Quand c'est Angelo Badalamenti, c'est différent, on est dans la nostalgie, une belle tristesse, c'est un compositeur que l'on reconnait tout de suite. C'était bien pour LA CITE DES ENFANTS PERDUS et pour UN LONG DIMANCHE DE FIANÇAILLES, mais pas pour ce film-là. Je me retrouve avec MICMACS dans l'esprit de Carlo d'Alessio avec DELICATESSEN ou Yann Tiersen avec AMELIE, avec l'accordéon. J'en ai bien conscience. Certains trouveront que je ne me renouvelle pas beaucoup, mais c'est ce qui marchait le mieux pour le film.
Il y a un côté français, touchant et charmant, mais la frontière est mince pour tomber dans le ringard. Heureusement qu'il y a des artistes qui ont le don de faire des choses vivantes.
Vous avez travaillé avec Angelo Badalamenti, et John Frizzell sur ALIEN 4, que pensez-vous de la musique de film hollywoodienne ?
Le problème que j'ai avec les américains, c'est que ça manque de style, c'est à dire qu'ils sont capables de faire tout, mais c'est un inconvénient. Hormis Badalamenti qui a son propre style je n'en vois pas beaucoup. Howard Shore ou Hans Zimmer sont capables de varier les genres, ils sont trop réversibles. J'aime les artistes qui ont plus de caractère. Ce que je me suis rendu compte en convoquant la musique de Max Steiner, c'est qu'en prenant sa musique déjà écrite, ça aurait pu être fait aujourd'hui par un autre compositeur contemporain, personne ne s'imagine qu'il s'agit d'une musique des années 40. Ce genre de musique illustrative qui vise à soutenir l'action reste une musique assez classique qui n'a pas changé au fil des siècles.
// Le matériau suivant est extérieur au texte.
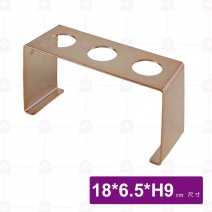 凱旋門香檳金三格手卷架-18x6.5xH9cm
Concernant John Frizzell, c'est un jeune gars que j'avais proposé à la Fox qui était ravi car il n'était pas cher. J'avais entendu des choses intéressantes de lui, qui changeaient un peu, et il a su se greffer sur l'univers ALIEN en réutilisant le thème de Goldsmith, en se le réacaparant. C'était un contexte hollywoodien où je lui demandais de changer des choses et il le faisait sans problèmes, à la demande, une démarche un peu trop docile.
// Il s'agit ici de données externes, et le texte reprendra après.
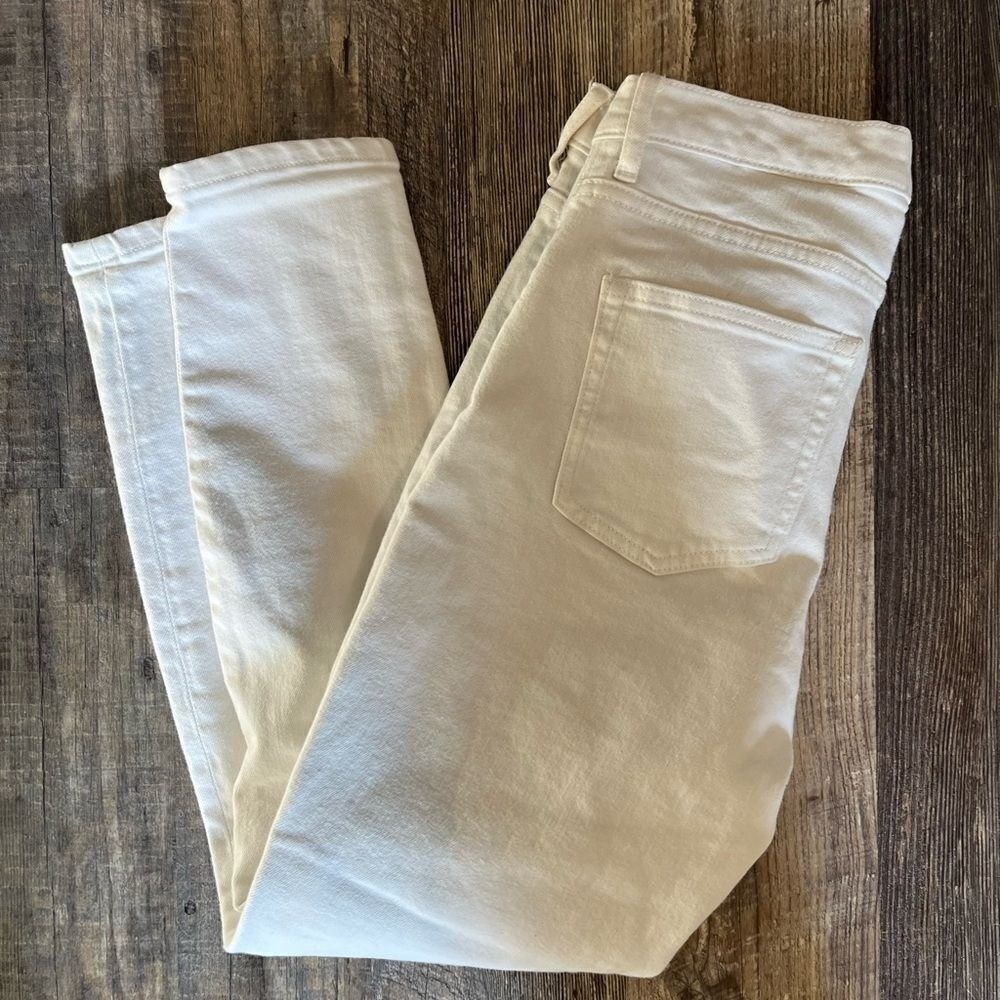 Everlane Women's Beige/white Jeans, flawed,‎ see photos and description!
Vous aimez contrôler chaque élément de vos films au point de changer la couleur du ciel, faire appel à des jeunes ou à des musiques pré-existantes n'est-ce pas un moyen de vous exempter d'une réelle collaboration musicale ?
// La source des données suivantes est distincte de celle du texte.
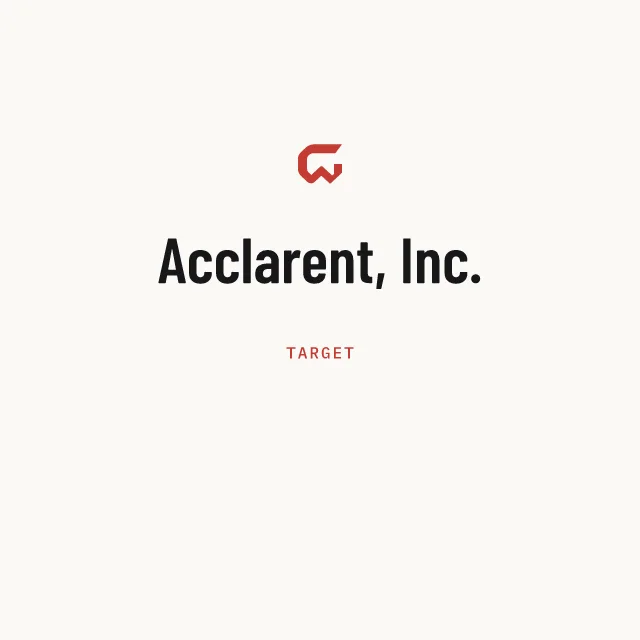 Target: Acclarent, Inc.
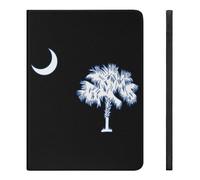 South Carolina Flag Compatible with iPad Protective Case with Pen Holder Book Style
C'est sûr que dans ce cas je ne suis pas pris en otage par un musicien, car avec les délais, si un musicien livre tard, il faut prendre ce qu'il livre. Avec Badalamenti, on avait le temps, heureusement. Mais c'est vrai qu'il est plus simple d'avoir une musique déja prête et de faire son marché. Avec Yann Tiersen c'était l'idéal, car faire du cinéma ne l'intéressait pas, il nous laissait prendre ce qu'on voulait dans ses musiques. Dans ce cas-là on domine plus, c'est sûr.
Quelles musiques écoutez-vous en général ?
J'écoute souvent des musiques au moment de mes projets, et cela peut influencer. Par exemple, pendant ALIEN, j'écoutais Everything but the girl, pendant UN LONG DIMANCHE, j'écoutais la musique de "Gladiator". Maintenant, j'écoute de plus en plus de musiques new age, planantes, quand je travaille, ça aide à apaiser l'esprit.
Qu'est-ce que vous aimez et n'aimez pas dans la musique au cinéma ?
J'aime qu'on reconnaisse le style d'un cinéaste. On reconnaît Fellini, David Lynch, Kusturica, mais après, Polanski on ne le reconnaît pas, d'un film à l'autre il varie, ce qui ne veut pas dire que ce soit un mauvais cinéaste. De la même manière pour les musiciens, j'aime reconnaître Morricone dans un film.
Ce que je n'aime pas, c'est quand une musique est faite pour palier le manque de puissance d'une image. Vous prenez n'importe quoi, et ajoutez une musique de Beethoven ou de Wagner, il se passera quelque chose. C'est une facilité qui m'énerve parfois.